**Note** If you read part four beofre 10/7, I've edited it so that now there's a new paragraph at the end. It's a conversation between Carter and Lucy, and they are being watched by someone who is revealed in this part.
Title: Shadow of John Carter 5: Left Behind Unseen
Author: Lindy
Rated: G
"Dr. Weaver?" A knock came to her office. Kerry Weaver looked up from her work, narrowly looking down at the intruder.
"Peter. Can I help you with something?" She set her pencil down and straightened up.
Peter Benton slowly entered the room. "Yeah, actually.." His voice trailed off as he got closer. "It's... about Lucy."
"Dr. Knight?" Kerry corrected the title. "What about her?"
Peter hadn't wanted to say. If he did... he knew it would put Lucy at risk. Maybe he hadn't seen anything. Nothing at all. Everyone had issues, right? Everyone had a different way of dealing with their problems. Lucy was no exception.
"Peter?" Kerry asked. "If you think something is wrong-"
"I went to Carter's grave last night," Peter interrupted, looking all the time at the surface of Kerry's desk. He felt wrong telling Weaver, but he was worried. And he wasn't willing to take those risks anymore. "And Lucy was sitting there. And she was talking to Carter."

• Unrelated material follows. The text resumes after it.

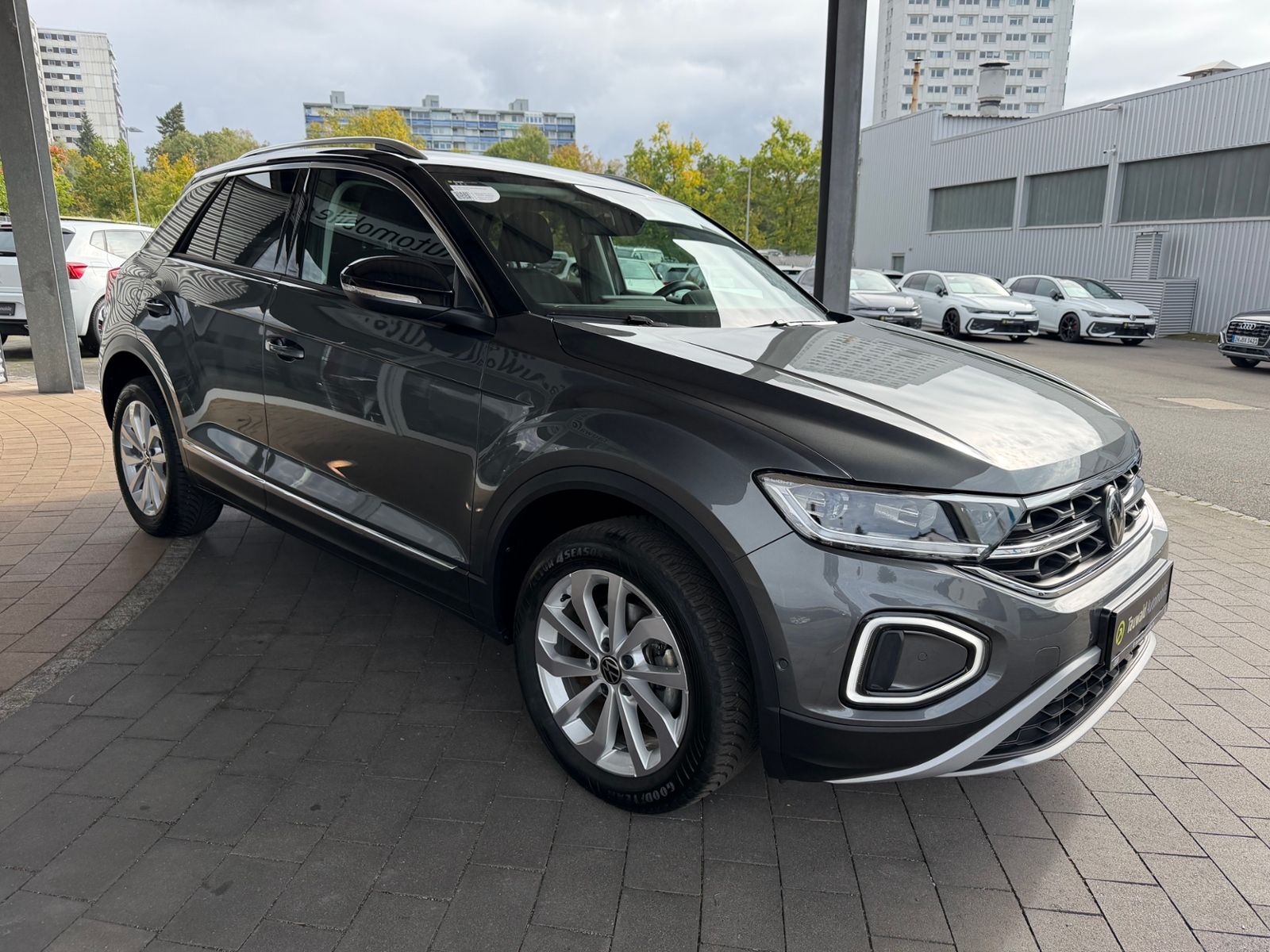 Volkswagen T-Roc - Bild 5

Kerry Weaver looked at Peter for a moment, folding her arms. "Well... we're all dealing in different ways, I know it's been awhile since he died, but it was hard for her, especially-"
"No, that's not what I mean," Peter said, shifting his weight and dangling his arms nervously. Peter Benton was never nervous, and he never ratted out a coworker... "She was... leaning against his stone. Talking to the air around her... like it was him... she carried a conversation..." Peter swallowed. "Lucy believed he was there." The images were returning; the sweet, innocent blonde-haired girl who had just succeeded at something in this world, and she was basing all of her confidences on delusions...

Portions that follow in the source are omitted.